(Dataset entries)
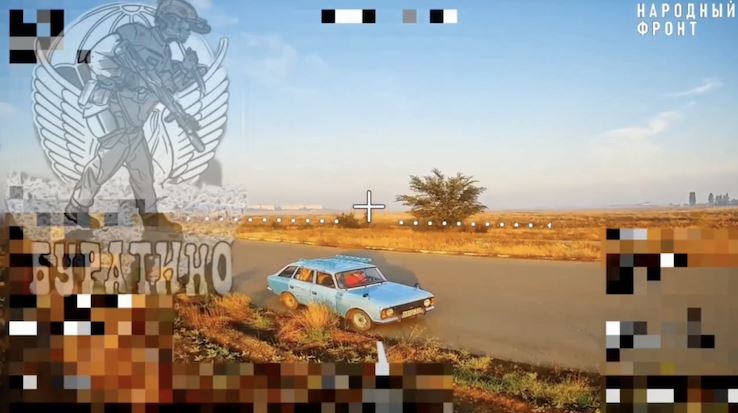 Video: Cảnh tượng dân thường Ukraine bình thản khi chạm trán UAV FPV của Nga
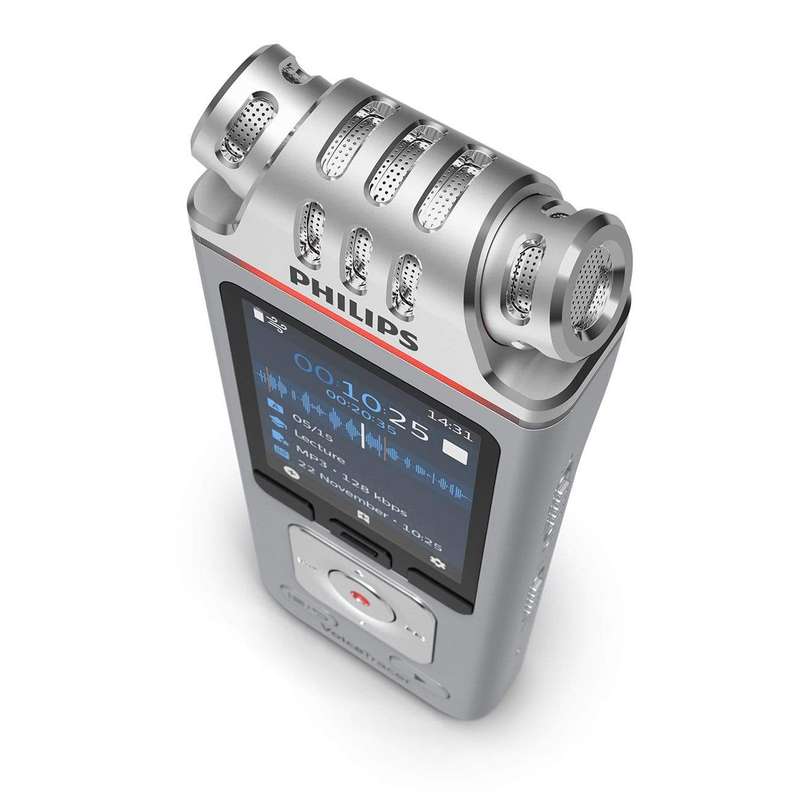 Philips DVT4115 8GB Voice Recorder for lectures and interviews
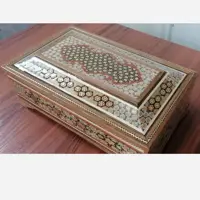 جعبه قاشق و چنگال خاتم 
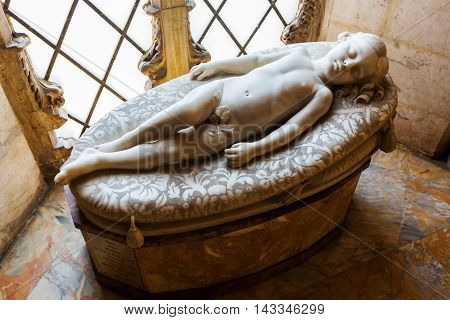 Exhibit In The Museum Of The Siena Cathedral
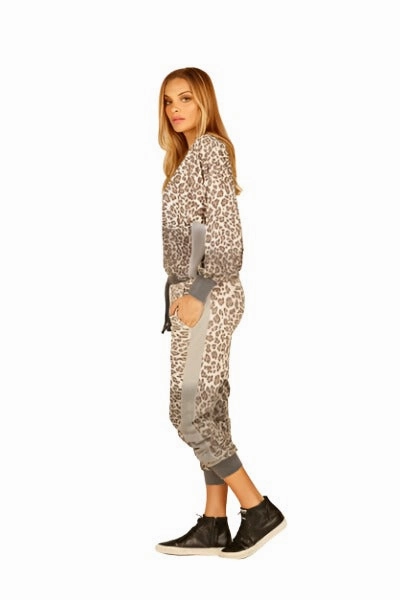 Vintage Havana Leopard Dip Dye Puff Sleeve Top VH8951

WORK REQUEST. Once you find the line that contains "Philips DVT4115 8GB", reproduce it and every line after it through the end of the entries above, exactly as written, with no pictures.

RESPONSE.
 Philips DVT4115 8GB Voice Recorder for lectures and interviews
 جعبه قاشق و چنگال خاتم 
 Exhibit In The Museum Of The Siena Cathedral
 Vintage Havana Leopard Dip Dye Puff Sleeve Top VH8951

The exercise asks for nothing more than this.